_SUPPLIED RECORDS_:
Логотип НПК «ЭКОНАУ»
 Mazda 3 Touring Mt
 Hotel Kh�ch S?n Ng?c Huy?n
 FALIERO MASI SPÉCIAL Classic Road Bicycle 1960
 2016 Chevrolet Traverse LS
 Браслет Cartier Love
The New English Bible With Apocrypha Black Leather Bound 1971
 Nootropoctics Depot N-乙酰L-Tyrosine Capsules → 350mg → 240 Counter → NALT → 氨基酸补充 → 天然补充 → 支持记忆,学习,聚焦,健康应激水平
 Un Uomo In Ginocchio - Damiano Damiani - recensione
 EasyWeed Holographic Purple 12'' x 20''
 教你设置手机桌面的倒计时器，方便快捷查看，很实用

_EXERCISE GOAL_: Your response should hold only an exact copy of the lines above, from the one containing "FALIERO MASI SPÉCIAL" through the end of the entries.

_TASK RESPONSE_:
 FALIERO MASI SPÉCIAL Classic Road Bicycle 1960
 2016 Chevrolet Traverse LS
 Браслет Cartier Love
The New English Bible With Apocrypha Black Leather Bound 1971
 Nootropoctics Depot N-乙酰L-Tyrosine Capsules → 350mg → 240 Counter → NALT → 氨基酸补充 → 天然补充 → 支持记忆,学习,聚焦,健康应激水平
 Un Uomo In Ginocchio - Damiano Damiani - recensione
 EasyWeed Holographic Purple 12'' x 20''
 教你设置手机桌面的倒计时器，方便快捷查看，很实用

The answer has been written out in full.